# Poor Little Kitten



## Mitts & Tess (Sep 4, 2004)

A friend I TNR with have a debate going on are there more good people and few horrible people. I lean towards the side of good but then have some bad days and think all of humanity is screwed up.


We are trapping at the community garden in our town. Today one of the voluteers found a kitten with its tail cut off and a can duct taped on its head. He got the can off and the kitten took off. He couldnt find it. Im assuming this kitten will not make it. It turned my stomach hearing about it.


It was reported to the police. But now we have to keep a closer eye on our traps were setting there. If there isnt a special place in he ll for people who abuse animals then Im going to be really pi$$ off. Ill have wished I took the situation in to my own hands to do pay back.


----------



## Pawsitively Nicole (Feb 12, 2011)

It seems like when trying to help and save animals you run across so many individuals that are so cruel. Sometimes I feel like there are no good people left any more. That's one reason I like places like this, cause even though we don't all agree on everything the truth of it is we all love cats and want what's best. It gives me hope, because you run into so many people where what is best for the cat could matter less to them.

I am so angry to hear about what happened to that poor kitten. I don't understand it, but people get so defensive when others try to do good and sometimes sabotage the effort. I don't understand why some people punish cats for an overpopulation problem that man themselves have made. I hope with all my heart that someone wonderful found that kitten and scooped him away to happiness.

I had a stray colony of 5 cats here. 4 of them were beautiful lynx point Siamese and one a pretty copper tabby. They were very friendly and obviously a dumped litter forced to grow up outside. I began to work on trapping them, getting them fixed, and trying to adopt them out. There were 2 females and 3 males. The little tabby and lynx point were pregnant. The lynx point looked ready to burst so she was the first one I caught. She gave birth to 10 kittens 2 days later. People saw me capture her. They lined up along the street (the cats lived at an apartment complex) and cheered good riddance, glad to see the nuisance gone, etc. I decided to get the tabby female next. Somebody got a hold of her and whacked off part of her tail  Then she disappeared, along with 2 other cats from the colony. This all happened the week I began to capture them. I got one more lynx point male off the streets but never saw any of the others again. I asked around hoping for answers. That's when I learned of the abuse these cats suffered. Stories of throwing things at them, trying to break glass over their heads, spraying them with water, all in an effort to make them go away. All people told me was that the cats were gone and that's all they cared about, I never got an answer as to what happened to the other 3. People were mad at me for trying to help them.

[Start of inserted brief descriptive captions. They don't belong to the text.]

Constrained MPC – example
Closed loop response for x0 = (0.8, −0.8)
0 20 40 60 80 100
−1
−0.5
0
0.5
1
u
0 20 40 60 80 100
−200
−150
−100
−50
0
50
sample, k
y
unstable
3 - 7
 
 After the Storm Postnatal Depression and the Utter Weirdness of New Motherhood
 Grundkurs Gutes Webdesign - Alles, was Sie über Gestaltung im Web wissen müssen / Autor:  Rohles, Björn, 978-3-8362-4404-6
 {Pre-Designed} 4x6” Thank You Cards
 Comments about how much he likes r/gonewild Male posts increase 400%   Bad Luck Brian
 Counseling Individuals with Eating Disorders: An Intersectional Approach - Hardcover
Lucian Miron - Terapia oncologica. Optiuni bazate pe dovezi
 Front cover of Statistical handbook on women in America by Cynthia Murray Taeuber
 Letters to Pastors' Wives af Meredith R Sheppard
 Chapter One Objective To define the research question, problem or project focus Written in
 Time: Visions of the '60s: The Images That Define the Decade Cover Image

There are so many reasons why people abuse these poor helpless cats. But thank goodness for people like the ones on this forum. There are good people out there and they are making a difference  I truly believe in my heart there are more good people the bad people. You just don't seem to hear about them as often for some reason.


----------



## catloverami (Jul 5, 2010)

A colony of 25-30 TNR feral cats in _Scarborough's Bluffers Park_ in east the part of Toronto has just about been all been wiped out due to people who did not like the cats there by baiting the area for coyotes. Those that were rescued are not doing well. Sad situation.

The Fixer: Sorry end to Bluffers feral cats - thestar.com


----------



## Whaler (Feb 13, 2011)

Mitts & Tess said:


> A friend I TNR with have a debate going on are there more good people and few horrible people. I lean towards the side of good but then have some bad days and think all of humanity is screwed up.
> 
> 
> We are trapping at the community garden in our town. Today one of the voluteers found a kitten with its tail cut off and a can duct taped on its head. He got the can off and the kitten took off. He couldnt find it. Im assuming this kitten will not make it. It turned my stomach hearing about it.
> ...



i don't know how many CatForum users watch the show Dexter but it is stories like this that make me feel like i am going to turn into Dexter but instead of doing it his way i would go after the people that do this type of thing.


----------



## JohnMT (Jun 30, 2010)

It's hard to say really one way or another. Some days I'll see stuff that makes me lose faith in humanity..others I'll see a good example of a good person. I'd say it's about 50/50..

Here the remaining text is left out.